* [Directions]: Nothing but an exact copy is wanted: the line with "Gázfőző táskával 2in1" and each line after it in the data below, last line included.

----- The records -----

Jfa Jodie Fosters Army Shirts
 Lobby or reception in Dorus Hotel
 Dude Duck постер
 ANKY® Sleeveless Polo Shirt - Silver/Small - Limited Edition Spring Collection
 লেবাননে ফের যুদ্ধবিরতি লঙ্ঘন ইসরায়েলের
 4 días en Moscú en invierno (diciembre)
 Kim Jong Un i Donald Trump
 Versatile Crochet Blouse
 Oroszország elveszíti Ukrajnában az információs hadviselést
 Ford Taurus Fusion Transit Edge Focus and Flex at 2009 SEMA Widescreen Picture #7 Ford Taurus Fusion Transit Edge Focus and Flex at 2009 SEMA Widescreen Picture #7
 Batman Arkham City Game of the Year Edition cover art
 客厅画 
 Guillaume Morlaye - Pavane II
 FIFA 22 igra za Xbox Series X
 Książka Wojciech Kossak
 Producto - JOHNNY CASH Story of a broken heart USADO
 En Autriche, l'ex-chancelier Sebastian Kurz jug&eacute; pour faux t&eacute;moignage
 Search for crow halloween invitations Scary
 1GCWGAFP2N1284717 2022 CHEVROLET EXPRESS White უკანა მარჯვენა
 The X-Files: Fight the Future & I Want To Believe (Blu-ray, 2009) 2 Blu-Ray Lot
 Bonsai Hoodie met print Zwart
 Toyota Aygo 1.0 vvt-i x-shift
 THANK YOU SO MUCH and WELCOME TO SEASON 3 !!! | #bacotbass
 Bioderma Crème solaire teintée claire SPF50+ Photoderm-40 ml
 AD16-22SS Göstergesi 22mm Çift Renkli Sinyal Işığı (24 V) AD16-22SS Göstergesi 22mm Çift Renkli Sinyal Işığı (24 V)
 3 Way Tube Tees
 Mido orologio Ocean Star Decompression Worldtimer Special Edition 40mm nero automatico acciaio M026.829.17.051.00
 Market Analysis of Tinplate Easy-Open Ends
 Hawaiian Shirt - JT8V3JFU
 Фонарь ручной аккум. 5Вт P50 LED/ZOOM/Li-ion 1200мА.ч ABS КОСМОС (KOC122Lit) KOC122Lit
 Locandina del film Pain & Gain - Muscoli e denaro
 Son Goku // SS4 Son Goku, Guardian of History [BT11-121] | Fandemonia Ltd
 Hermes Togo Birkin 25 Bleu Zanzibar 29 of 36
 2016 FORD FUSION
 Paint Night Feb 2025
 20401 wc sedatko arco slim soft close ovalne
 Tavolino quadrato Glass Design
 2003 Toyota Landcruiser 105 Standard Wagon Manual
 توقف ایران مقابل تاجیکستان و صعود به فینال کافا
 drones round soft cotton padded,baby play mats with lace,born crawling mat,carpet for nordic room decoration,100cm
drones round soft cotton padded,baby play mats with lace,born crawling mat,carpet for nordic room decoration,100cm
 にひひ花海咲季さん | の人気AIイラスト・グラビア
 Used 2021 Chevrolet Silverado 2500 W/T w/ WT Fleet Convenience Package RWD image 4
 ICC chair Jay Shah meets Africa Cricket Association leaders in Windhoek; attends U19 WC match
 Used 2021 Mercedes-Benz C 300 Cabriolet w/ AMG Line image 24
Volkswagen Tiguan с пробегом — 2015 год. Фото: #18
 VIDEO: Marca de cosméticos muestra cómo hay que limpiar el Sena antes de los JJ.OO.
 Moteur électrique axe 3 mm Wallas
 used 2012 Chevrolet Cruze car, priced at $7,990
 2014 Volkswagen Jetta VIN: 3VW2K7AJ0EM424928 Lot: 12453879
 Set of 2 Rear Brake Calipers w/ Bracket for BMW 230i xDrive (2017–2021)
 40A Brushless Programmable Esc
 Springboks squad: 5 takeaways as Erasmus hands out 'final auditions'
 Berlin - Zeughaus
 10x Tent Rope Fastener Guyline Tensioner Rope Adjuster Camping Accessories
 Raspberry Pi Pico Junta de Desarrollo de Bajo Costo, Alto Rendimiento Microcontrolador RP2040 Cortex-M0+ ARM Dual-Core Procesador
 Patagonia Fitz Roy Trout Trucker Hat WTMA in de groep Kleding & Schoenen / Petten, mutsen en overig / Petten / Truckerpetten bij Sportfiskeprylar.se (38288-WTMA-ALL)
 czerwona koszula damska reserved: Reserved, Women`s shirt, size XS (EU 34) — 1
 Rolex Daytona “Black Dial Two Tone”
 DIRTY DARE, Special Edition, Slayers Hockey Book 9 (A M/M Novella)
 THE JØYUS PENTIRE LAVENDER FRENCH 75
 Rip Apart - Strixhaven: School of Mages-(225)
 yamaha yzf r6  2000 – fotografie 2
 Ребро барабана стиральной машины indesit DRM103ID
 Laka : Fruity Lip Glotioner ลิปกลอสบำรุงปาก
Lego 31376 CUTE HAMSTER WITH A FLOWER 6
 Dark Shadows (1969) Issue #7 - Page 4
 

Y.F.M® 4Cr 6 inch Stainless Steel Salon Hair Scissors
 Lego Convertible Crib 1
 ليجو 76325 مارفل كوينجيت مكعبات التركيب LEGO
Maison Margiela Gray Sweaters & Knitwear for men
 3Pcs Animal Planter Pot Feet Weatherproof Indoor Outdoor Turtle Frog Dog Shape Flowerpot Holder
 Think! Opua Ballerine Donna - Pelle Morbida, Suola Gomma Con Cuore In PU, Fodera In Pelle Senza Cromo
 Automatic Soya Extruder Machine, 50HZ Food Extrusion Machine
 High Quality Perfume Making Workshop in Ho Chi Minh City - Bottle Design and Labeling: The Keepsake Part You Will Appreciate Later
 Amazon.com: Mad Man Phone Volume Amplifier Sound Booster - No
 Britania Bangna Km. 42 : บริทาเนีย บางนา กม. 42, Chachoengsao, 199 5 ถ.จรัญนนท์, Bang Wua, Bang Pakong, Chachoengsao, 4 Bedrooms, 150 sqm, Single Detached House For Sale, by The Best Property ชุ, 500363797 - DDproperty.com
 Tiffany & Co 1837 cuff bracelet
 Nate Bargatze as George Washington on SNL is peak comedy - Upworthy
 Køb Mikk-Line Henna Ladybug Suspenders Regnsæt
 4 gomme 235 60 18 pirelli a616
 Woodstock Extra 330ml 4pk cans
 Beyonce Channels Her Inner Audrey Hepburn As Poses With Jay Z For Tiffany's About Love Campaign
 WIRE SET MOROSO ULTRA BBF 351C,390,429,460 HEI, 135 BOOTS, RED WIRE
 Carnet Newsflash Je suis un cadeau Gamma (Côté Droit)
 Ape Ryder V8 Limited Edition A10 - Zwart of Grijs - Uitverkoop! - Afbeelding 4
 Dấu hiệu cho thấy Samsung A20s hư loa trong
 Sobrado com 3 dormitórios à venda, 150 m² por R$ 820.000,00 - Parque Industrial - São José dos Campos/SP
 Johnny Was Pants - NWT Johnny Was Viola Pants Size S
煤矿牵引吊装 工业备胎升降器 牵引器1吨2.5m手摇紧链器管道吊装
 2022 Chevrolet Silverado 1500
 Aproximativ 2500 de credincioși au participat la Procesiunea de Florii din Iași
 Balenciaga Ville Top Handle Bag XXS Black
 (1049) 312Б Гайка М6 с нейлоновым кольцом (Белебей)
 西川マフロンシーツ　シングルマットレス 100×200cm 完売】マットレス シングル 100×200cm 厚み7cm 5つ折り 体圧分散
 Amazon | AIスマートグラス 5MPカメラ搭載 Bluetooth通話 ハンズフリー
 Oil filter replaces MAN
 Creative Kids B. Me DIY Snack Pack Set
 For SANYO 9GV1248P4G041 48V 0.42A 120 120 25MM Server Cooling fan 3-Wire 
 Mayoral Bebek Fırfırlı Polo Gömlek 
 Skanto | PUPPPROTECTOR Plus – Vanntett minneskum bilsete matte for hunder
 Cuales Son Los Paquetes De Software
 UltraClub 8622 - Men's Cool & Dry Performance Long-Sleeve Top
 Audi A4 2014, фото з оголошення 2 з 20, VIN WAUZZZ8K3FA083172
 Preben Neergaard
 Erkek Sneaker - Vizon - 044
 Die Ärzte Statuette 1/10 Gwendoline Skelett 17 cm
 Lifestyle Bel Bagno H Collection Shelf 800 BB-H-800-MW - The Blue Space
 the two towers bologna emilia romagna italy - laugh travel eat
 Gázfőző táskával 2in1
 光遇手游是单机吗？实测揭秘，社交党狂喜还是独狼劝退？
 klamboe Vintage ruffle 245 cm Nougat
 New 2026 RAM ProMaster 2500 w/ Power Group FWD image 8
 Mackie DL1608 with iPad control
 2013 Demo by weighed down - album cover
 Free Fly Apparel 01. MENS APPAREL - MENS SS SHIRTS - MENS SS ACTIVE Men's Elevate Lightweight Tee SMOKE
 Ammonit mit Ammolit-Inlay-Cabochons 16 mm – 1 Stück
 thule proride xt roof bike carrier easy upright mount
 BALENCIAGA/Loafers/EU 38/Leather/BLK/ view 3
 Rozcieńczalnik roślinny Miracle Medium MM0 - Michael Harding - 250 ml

-----

* [Exercise solution]:
 Gázfőző táskával 2in1
 光遇手游是单机吗？实测揭秘，社交党狂喜还是独狼劝退？
 klamboe Vintage ruffle 245 cm Nougat
 New 2026 RAM ProMaster 2500 w/ Power Group FWD image 8
 Mackie DL1608 with iPad control
 2013 Demo by weighed down - album cover
 Free Fly Apparel 01. MENS APPAREL - MENS SS SHIRTS - MENS SS ACTIVE Men's Elevate Lightweight Tee SMOKE
 Ammonit mit Ammolit-Inlay-Cabochons 16 mm – 1 Stück
 thule proride xt roof bike carrier easy upright mount
 BALENCIAGA/Loafers/EU 38/Leather/BLK/ view 3
 Rozcieńczalnik roślinny Miracle Medium MM0 - Michael Harding - 250 ml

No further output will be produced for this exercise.